Rodolphe Töpffer

Voyages et aventures du Docteur Festus

1840

Voyages et aventures du dr. Festu – première page

Ecrivain et dessinateur genevois, Rodolphe Töpffer (1799-1846) s’emploie à illustrer un exemplaire de cet étrange roman publié en 1840.

Le volume de la Bodmeriana montre comment l’auteur, lecteur de lui-même, tire profit de chaque espace blanc sur la page : des vignettes expressives viennent compléter une prose résolument picaresque.

Töpffer insère des croquis dans les espaces blancs séparant les chapitres, ainsi qu’à la fin des six livres.

L’illustration manuscrite s’accommode à la disposition typographique de la page imprimée.

Voyez par exemple comment la première ligne du titre («Voyages et aventures ») sert à Töpffer de point d’appui pour ce personnage pensif, et semble-t-il, en robe de chambre : prélude des infortunes loufoques et dérisoires d’un maire qui changera maintes fois d’habit et succombera presque à la mélancolie.

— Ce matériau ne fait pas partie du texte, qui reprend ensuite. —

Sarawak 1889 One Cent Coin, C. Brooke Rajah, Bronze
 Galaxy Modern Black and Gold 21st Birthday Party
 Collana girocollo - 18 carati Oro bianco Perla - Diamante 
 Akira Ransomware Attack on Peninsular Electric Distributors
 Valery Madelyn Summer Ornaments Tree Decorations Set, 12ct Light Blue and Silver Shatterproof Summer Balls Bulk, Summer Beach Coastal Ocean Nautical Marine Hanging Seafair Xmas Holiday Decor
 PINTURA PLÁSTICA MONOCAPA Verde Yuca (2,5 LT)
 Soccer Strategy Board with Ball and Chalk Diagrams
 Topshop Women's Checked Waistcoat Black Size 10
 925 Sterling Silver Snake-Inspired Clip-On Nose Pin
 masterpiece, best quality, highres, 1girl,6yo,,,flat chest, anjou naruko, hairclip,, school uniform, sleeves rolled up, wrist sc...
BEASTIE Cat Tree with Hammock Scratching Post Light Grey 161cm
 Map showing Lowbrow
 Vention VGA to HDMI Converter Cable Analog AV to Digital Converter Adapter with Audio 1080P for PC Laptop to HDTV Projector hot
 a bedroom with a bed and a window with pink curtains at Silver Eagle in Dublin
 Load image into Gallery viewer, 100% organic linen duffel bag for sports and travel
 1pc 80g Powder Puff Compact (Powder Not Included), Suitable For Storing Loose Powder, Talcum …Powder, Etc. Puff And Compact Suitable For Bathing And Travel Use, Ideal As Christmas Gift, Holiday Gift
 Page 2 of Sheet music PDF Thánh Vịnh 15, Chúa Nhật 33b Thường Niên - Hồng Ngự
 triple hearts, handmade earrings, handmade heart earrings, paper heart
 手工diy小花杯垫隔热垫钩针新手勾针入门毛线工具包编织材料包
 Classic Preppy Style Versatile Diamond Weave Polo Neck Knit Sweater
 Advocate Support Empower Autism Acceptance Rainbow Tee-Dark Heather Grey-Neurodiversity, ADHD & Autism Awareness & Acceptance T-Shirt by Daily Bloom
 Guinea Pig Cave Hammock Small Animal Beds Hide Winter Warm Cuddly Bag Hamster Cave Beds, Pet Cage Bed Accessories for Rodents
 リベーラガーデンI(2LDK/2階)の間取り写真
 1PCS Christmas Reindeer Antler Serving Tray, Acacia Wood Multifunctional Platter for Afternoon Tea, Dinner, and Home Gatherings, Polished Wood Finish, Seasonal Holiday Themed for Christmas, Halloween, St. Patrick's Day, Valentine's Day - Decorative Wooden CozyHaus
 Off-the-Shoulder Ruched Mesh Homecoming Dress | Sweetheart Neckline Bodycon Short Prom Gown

Grand admirateur de Laurence Sterne et de son Tristram Shandy, Töpffer imagine à travers ce roman curieux et déconcertant une cascade d’embrouilles comiques, de syllogismes absurdes et de découvertes pseudo-scientifiques.

Le Dr. Festus, dont l’allure ressemble à celle du Dr.

Syntax, héros du caricaturiste anglais Thomas Rowlandson, part pour son « grand voyage d’instruction » : chemin faisant, il se retrouve en robe de chambre, se fait projeter dans l’espace par les ailes d’un moulin à vent et traverse les nuages chevauchant un télescope.

Pot de chambre

Töpffer s’amuse à reprendre des scènes impudiques, autrefois écartées.

Voici comment le Dr. Festus, ayant malencontreusement éteint sa bougie, renverse par mégarde le pot de chambre d’une Milady.

En fait, cette scène faisait partie d’une première version du roman, prête dès 1833.

Goethe en avait, semble-t-il, admiré des dessins préparatoires (celui-ci découvre Töpffer pratiquement en même temps que les illustrations de Delacroix pour son Faust ).

Mais les amis genevois de Töpffer déconseillent à celui-ci de diffuser la version de 1833, en raison du caractère passablement « gaulois » de certains épisodes, comme celui-ci.

Si Töpffer le retire en effet de la version imprimée de 1840, il s’amuse à le remettre, sous forme de croquis manuscrit – souvenons nous qu’il s’agit d’un exemplaire destiné à un usage privé.

La malle de voyage

Toujours sans bougie, le Dr. Festus finit son périple nocturne dans une malle de voyage qu’il prend pour un lit – c’est la valise de Milady.

Regardez le profil du docteur endormi au milieu des habits de l’Anglaise; il est en paix, tel un pape qui repose pour l’éternité… Que vient donc faire, au milieu de l’image, cette cheville dangereusement dénudée ? Elle n’a rien de licencieux.

Retournant à son lit, Milady marche sur la poitrine du docteur et trouble horriblement les rêves à caractère métaphysique de ce grand explorateur : « Milady (…) mit le pied dans la malle pour remonter sur son lit, et aussitôt le docteur Festus entra en cauchemar (…) Aussi, comme il était à rêver paisiblement que, couché dans un pré, il voyait sur la croupe de son mulet la formule du Binome, tout-à-coup il rêva de plus qu’un énorme syllogisme, sous la figure d’un taureau à qui on avait bandé les yeux, lui labourait les côtes à coups de sabot, pour lui imposer une conviction absurde au sujet dudit Binome ».